* [Records excerpted from a collection]:
##############################

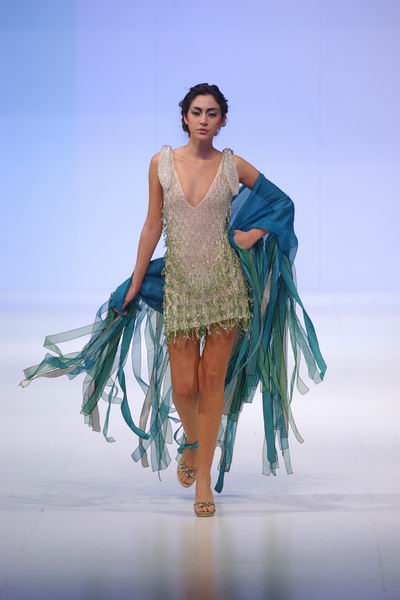 Hong Kong Fashion Week 2004 - Joyce Chan Canada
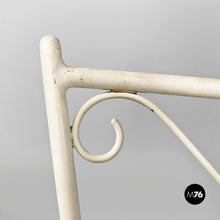 画像をギャラリービューアに読み込む, White iron garden chairs with blue pillow, 1960s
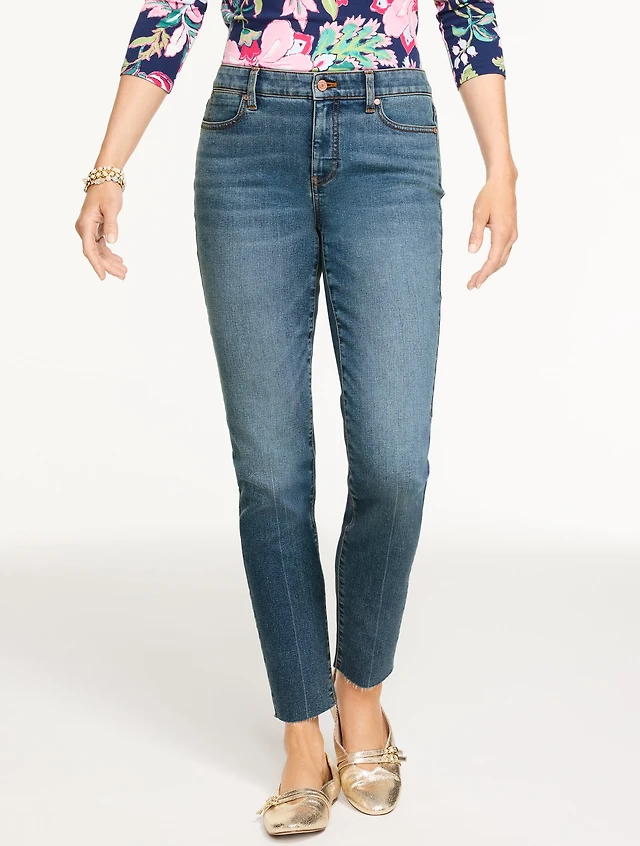 Slim Ankle Raw Hem Jeans - Roslyn Wash Curvy Fit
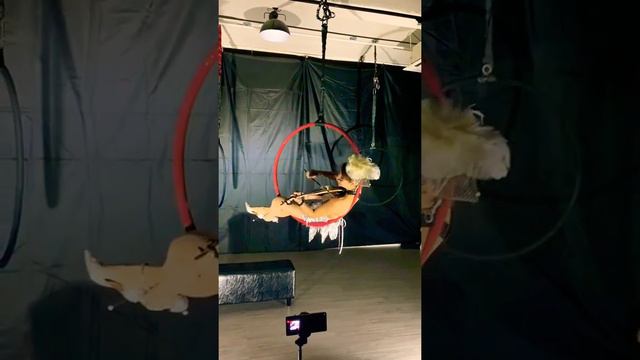 Play violin on aerial hoop, Yamaha YEV104 electric violin, Song: Tico Tico, Suey Wong смотреть онлайн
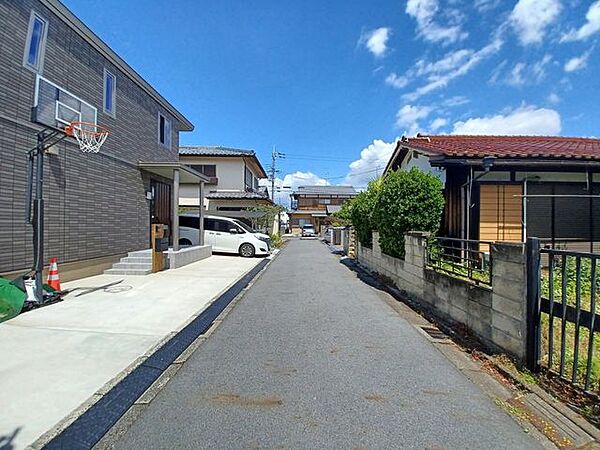 前面道路は南西側で陽当たり良好です◎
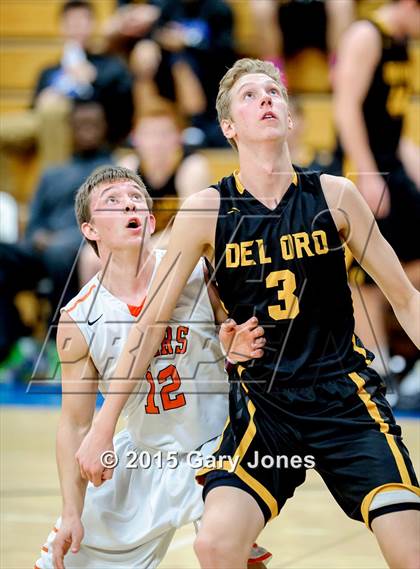Thumbnail 2 in Roseville vs Del Oro (Rocklin Holiday Classic) photogallery.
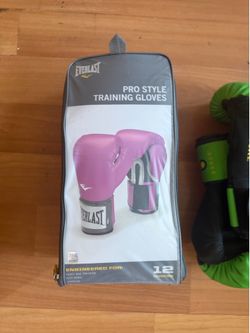 Kids and adults boxing stuff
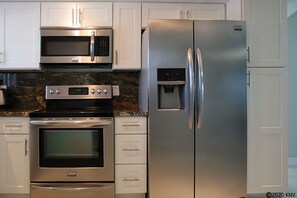 Jääkaappi, mikroaaltouuni, uuni, liesi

##############################

Every line of the records above should be copied exactly, while the pictures are left behind.

 Hong Kong Fashion Week 2004 - Joyce Chan Canada
 画像をギャラリービューアに読み込む, White iron garden chairs with blue pillow, 1960s
 Slim Ankle Raw Hem Jeans - Roslyn Wash Curvy Fit
 Play violin on aerial hoop, Yamaha YEV104 electric violin, Song: Tico Tico, Suey Wong смотреть онлайн
 前面道路は南西側で陽当たり良好です◎
Thumbnail 2 in Roseville vs Del Oro (Rocklin Holiday Classic) photogallery.
 Kids and adults boxing stuff
 Jääkaappi, mikroaaltouuni, uuni, liesi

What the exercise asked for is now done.